On 18/06/08 10:41 PM Teus Benschop wrote:
Neil Mayhew wrote:
I'm not sure this should be a requirement of the build process. git
needs to be on the machine where bibledit will run, but as far as I
can tell it's not needed to build bibledit. So I don't think the
configure script should require it.
Without the git program bibledit is rather crippled. For that reason
the ./configure script checks that git is there. The configure script
also check that zip is there, and tee, and unzip and gzip, and so on,
a whole lot of dependencies that are not needed to build, but are
required for proper operation of Bibledit.
I agree, but I don't think that configure is the right place to do it.
Git is required at ./configure stage, because I am afraid that if
this would not be done there would be people who just install it
without git, and forget about the rest being lazy, and then make
support calls saying this or that functionality does not work, and
what to do.
Again, I see your point, but configure doesn't entirely solve the
problem. It does, for people building from source and installing on
the same machine, but hopefully this will become quite rare as
Bibledit becomes packaged (and kept up-to-date) for various systems.

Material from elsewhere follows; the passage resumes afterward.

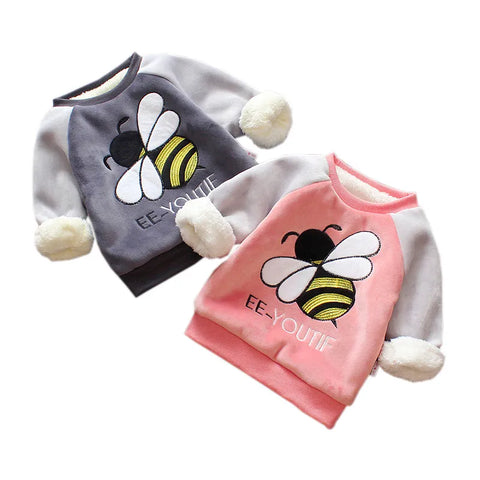 Bee Kids Boy-Girl Winter Sweat shirts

However, it doesn't solve the problem for someone who is given a
binary from a friend, or who copies it to one of their other
computers, or who subsequently removes one of the necessary packages
(like git) from their system.
I think it would be much better to have a check in Bibledit at
startup, so that it refuses to run if git, zip, tee, gzip etc. aren't
there. You can do that like this:
if (system("which git") != 0 || system("which zip") != 0 || ... )
refuseToRun();
You could, of course, factor that into a subroutine that takes an
array of command names and returns a single result.